From installations to concerts, from exhibitions to theatre plays, the arts community has pulled out all the stops to bring more voices to the global climate talks. One initiative that I found particularly moving did literally just that, bringing poets and spoken word artists from some of the most vulnerable regions of the world to perform in Paris.
Isabella Borgeson performing her winning poem Yoland Winds in a metro carriage in Paris
- Art offers safe space to experiment
A few years ago I visited my friends who had just moved into a new apartment. By the door they had a simple wooden frame from which a tangle of wires was sticking out, a small printed label attached underneath said ‘composition with the wires, 2014’. It’s embarassing to admit but it took me some time to realize that it was just a joke, a cheeky way to deal with the mess of the renovation and not a piece of art. Or was it?
Now think of the same situation but on an urban scale.
While urban planners are limited by regulations, hierarchies or schedules, artists have the licence to play that lets them – at least temporarily – suspend the rules. Artistic interventions create symbols of what is possible but also uncover questions that haven’t been asked yet.
The focus can be on the city as a whole (as is the case e.g. with the Experiment Stockholm project or a particular space within this city (e.g. the UFO project in Warsaw). Often, the art project would serve as a laboratory for exploring certain themes, e.g. the Critical Concrete initiative from Porto brings together artists and architects to offer new solutions for social housing and sustainable construction.
These urban laboratories offer extremely valuable insights to planners and politicians, as long as they are willing to approach them with open minds and curiosity.
Unexpected Fountain Occupation (UFO) landed in Warsaw in the summer, Photo by Constructlab
- Art has a carbon footprint too
The Show Must Go On from Julie’s bicycle, Credit: The Show Must Go On report
Last but not least, let’s not forget that cultural institutions have an impact on environment too. Museums or cinemas, music festivals or art schools – if you are serious about making your city carbon-neutral, you need them on board!

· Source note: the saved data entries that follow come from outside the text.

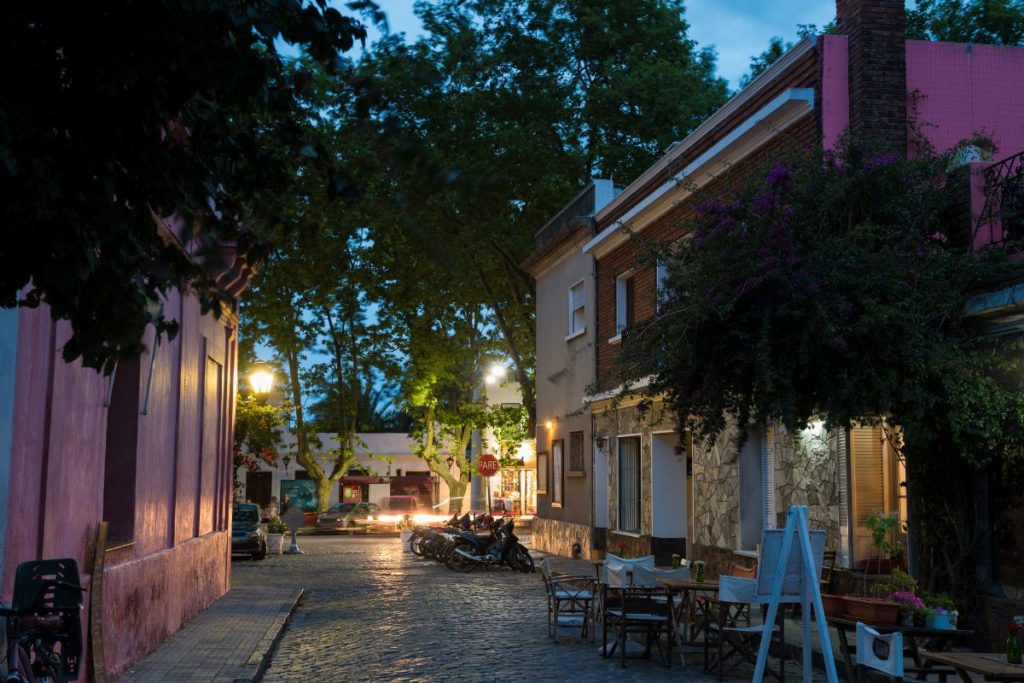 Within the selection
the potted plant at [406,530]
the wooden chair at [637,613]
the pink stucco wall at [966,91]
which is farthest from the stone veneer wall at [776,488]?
the potted plant at [406,530]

Music festivals are no strangers to greening intiatives (as seen e.g. with the Greener Festival Award existing since 2007) but the industry is taking their sustainability ambitions to a whole new level, at least in the UK. ‘The Show Must Go On’ report, launched in November 2015, includes not only an environmental impact assessment of the UK music festival industry but also a commitment to achieve a 50% reduction in green house gas emissions by 2025.
How do you translate those committments into local action?
Luckily, organisations like Julie’s Bicycle or Creative Carbon Scotland offer a wealth of free resources and learning opportunities to cultural institutions wishing to reduce their environmental impact. From Green Orchestras Guide (my favorite title ever!) to webinars on reducing environmental impact of exhibitions, from practical advice on water management in buildings to case studies on power management for outdoor events – no need to blaze the trail, there is plenty of knowledge already available.
By encouraging arts community and cultural institutions to walk the talk, you can gain not only valuable allies in your sustainability efforts but also influential examples that others will happily follow.